Mr. Greenberg and his lawyers contend that no “compensation trust” as described by A.I.G. ever existed.
By Mr. Greenberg’s description, the big block of A.I.G. shares financing the retirement plan would instantly revert to a charity affiliated with Starr International if someone tried to take control of the company. The trust had several purposes, fending off corporate raiders among them, he said.
Participants in the retirement plan would still, upon retirement, be able to receive the shares allocated to them until the raid, but at that point they would get no more.
The jury also heard on Tuesday from an A.I.G. executive, Terri Austin, who said she had been a participant in the retirement plan for 10 years, until it was discontinued in 2005. She said that when she received letters signed by Mr.

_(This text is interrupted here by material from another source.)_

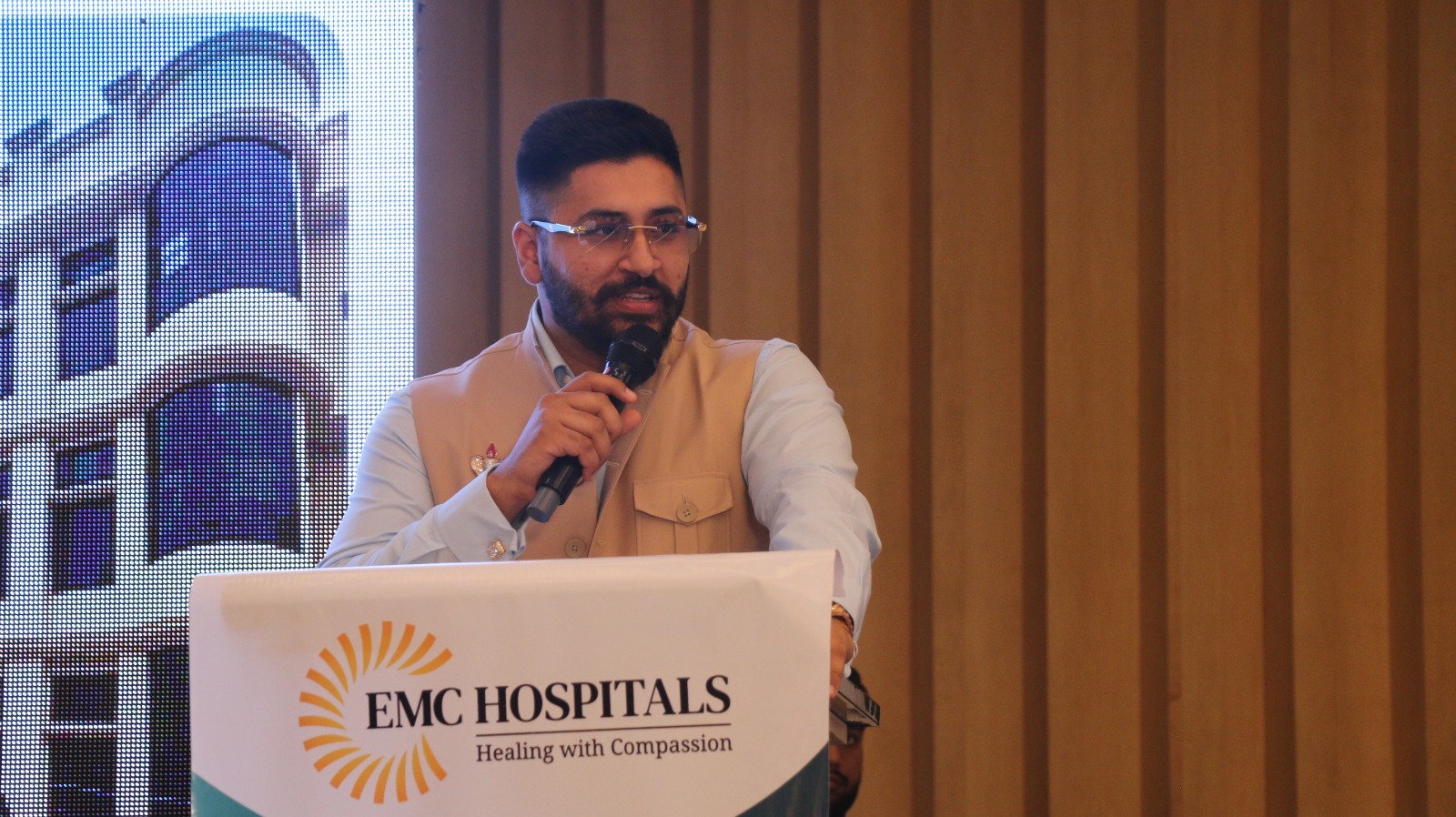 EMC Hospital Doctor’s Day Celebrations 9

Greenberg welcoming her into the elite plan, some were written on A.I.G. letterhead, and others on Starr International letterhead.
The distinction matters because Mr. Greenberg and his lawyers say the retirement plan belonged to Starr International, not to A.I.G.
Ms. Austin recalled going to meetings of plan participants where Mr. Greenberg said the plan assets “would be held in trust for you,” and called it “unlikely that we would run out of shares to fund the above plan for decades, if ever,” implying that there was a permanent compensation trust.
The jurors are only expected to decide one of the issues in the case: whether Starr International committed “conversion” under Mr. Greenberg’s direction, or improperly used assets for other purposes than they were intended. One juror has been dismissed because he did not speak English well enough to understand the complex issues involved.
The other issue in the case, whether there was a breach of a trust, will be decided by Judge Jed S. Rakoff.
The judge has ruled out any discussion of last year’s bailout of A.I.G., saying it could prejudice the jury. Most of the events being described in the case occurred either in 2005 or in the late 1960s, when Starr International and A.I.G. were re-established in much of their present form.
The case was being held in the Federal District Court for the Southern District of New York.